行為人認為自己並無刻意性騷擾,並且對於申訴尚未有結果就被公司調離原本工作環境感到不滿,於是在職期間發表不利被害人言論讓被害人成為流言蜚語的對象。被害人同時接受公司與地檢署調查,又遭到職場環境輿論壓力影響,導致她背負著極大的心理壓力,甚至到公司的健康服務站尋找護理師崩潰哭訴、進行身心輔導。

為了保護自身權利她背負著巨大壓力,卻收到檢察官調查後判定證據不足而發來的「不起訴書」,隨後由現代婦女基金會的律師發現,原辦案檢察官在調查時竟未傳喚曾多次接受被害人傾訴的公司護理師作證,律師遂以調查程序不完整為由,向高等檢察署提出再議申請,同時被害人也積極補充事發現場照片以作為更多的證據,高等檢察署才讓案件回到地檢署,由另一位檢察官重新調查,進入起訴流程。

經過數次開庭與調查,案件從起訴花了一年的時間才進入一審,同時間被害人收到行為人希望進行調解的消息。「她一開始堅持不和解,只希望司法能夠懲罰行為人。」林思瑩說,被害人一開始堅定不調解的態度,但由於司法程序複雜,真正開庭已經距離事發時間過去一年半,面對漫長的訴訟,被害人的身心狀況不佳,2025年4月與律師討論後最終同意進行調解,結束這場長達兩年的抗爭。

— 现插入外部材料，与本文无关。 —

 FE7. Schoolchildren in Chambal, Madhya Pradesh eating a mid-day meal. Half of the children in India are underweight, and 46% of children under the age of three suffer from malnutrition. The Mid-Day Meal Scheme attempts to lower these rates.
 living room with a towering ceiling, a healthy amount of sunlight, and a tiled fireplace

「如果不是基金會,我沒辦法走到這邊,讓行為人可以認錯並付出一筆可觀的調解金。」被害人拿到調解金後,選擇將這筆錢捐給基金會,對基金會表示感激並希望幫助更多曾經像她一樣無助的被害人。從性騷擾事發到最終調解成功的兩年內,基金會提供諮詢、協助蒐證以及陪伴被害人開庭,持續提供情緒支持與關懷。「我們告訴她,妳的堅持是有意義的。」林思瑩說。

性騷擾不再只發生在特定空間:數位工具助長跟騷風險

社工督導陳若如分享在基金會接到的性騷擾諮詢中,有些經驗讓社工也感受到「性騷擾的樣貌正不斷變形」。一位女性在搭乘捷運時,發現身邊的男子不斷靠近、身體接觸,她快速下車後,以為已經擺脫對方。沒想到,幾分鐘後,她的交友軟體跳出陌生訊息:「剛剛的互動感覺你蠻喜歡的,要不要再約出來?」她一看對方大頭貼,發現正是剛剛在捷運上的男子。

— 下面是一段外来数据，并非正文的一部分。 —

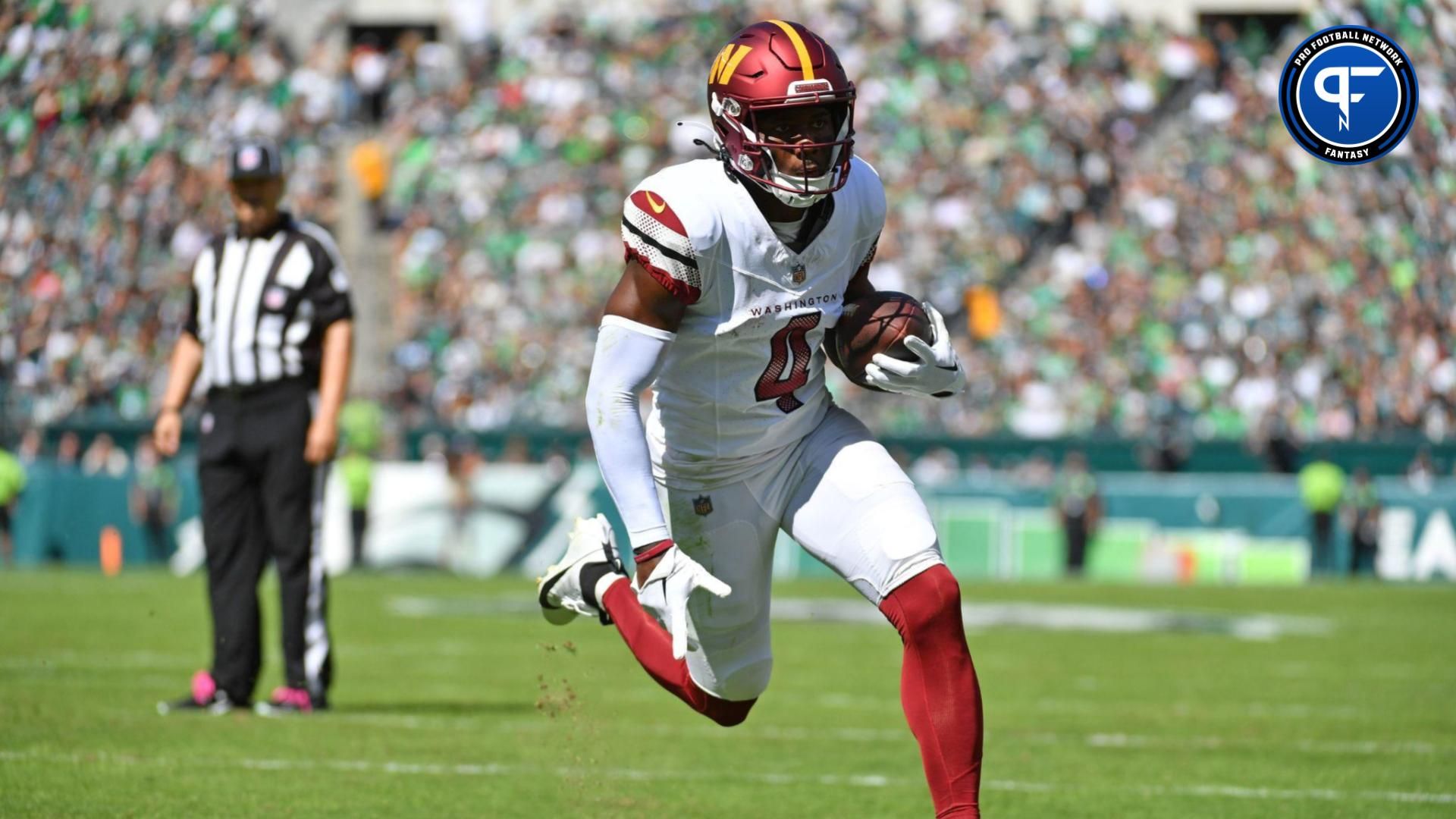 Washington Commanders wide receiver Curtis Samuel (4) scores on a one- yard touchdown run against the Philadelphia Eagles during the first quarter at Lincoln Financial Field. Mandatory Credit: Eric Hartline-USA TODAY Sports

被害人隨即聯絡性騷擾防治專線,表示自己曾有被騷擾經驗,但這一次讓她產生強烈的恐懼感。社工安撫她的情緒,並引導她保存對話截圖,確認蒐證與進行報案。這類結合實體與數位的騷擾模式,在近年越來越常見,卻往往讓被害人因為「沒有直接觸碰的動作」而懷疑自己是否可以申訴。

這類案件反映的不只是「性騷擾的多樣化」,也反映出加害人對「界線」毫無認知,甚至認為接觸與追蹤是「浪漫」。在數位工具發達的當代,被害人往往無法掌控資訊流動,加害人也能更容易在線上繼續控制或干擾受害者。

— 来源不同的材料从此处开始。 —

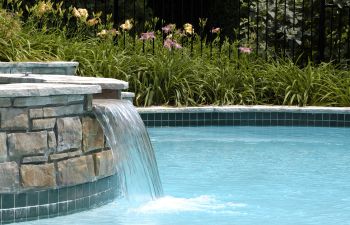 A backyard swimming pool with a hot tub and a paver patio.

這位捷運個案最終選擇不申訴,但專線諮詢給予被害人實際的應對措施與情緒支持,這次經驗也成為被害人日後若再遇類似情況可以冷靜應對的基礎。性騷擾不只在辦公室、學校、密閉空間,它也發生在我們日常行走的捷運月台、公車車廂、甚至通訊軟體裡。

創傷被軟性抹除:當社會輕忽性騷擾的嚴重性

林思瑩指出:「性騷擾的狀況時常發生在沒有預期的狀態下發生,心理上的安全感會被破壞的非常嚴重。」因此性騷擾的受害人容易出現急性的身心反應,例如驚嚇、過度警戒、失眠與強烈焦慮,甚至需要就醫或心理諮商。但在現實生活中,他們常常面對輕視的反應:「只是講一句話」、「只是碰一下而已」,加上不太理解法律上處理門檻,讓他們懷疑自己是否值得被幫助。許多受害者第一時間不是說「我被侵犯了」,而是懷疑「是不是我想太多」——這句話在基金會的專線中無數次出現。

林思瑩分享,有人因上司一句「妳穿這樣我怎麼專心上班」,長期感到不適卻不敢說出口;也有女性被同事摸腿,在提出申訴前一再質疑自己的感受是否成立。這些案例都顯示,性騷擾造成的創傷,常被社會以「只是玩笑」、「他不是故意的」等態度輕描淡寫,讓受害者質疑自己的感受是否正當。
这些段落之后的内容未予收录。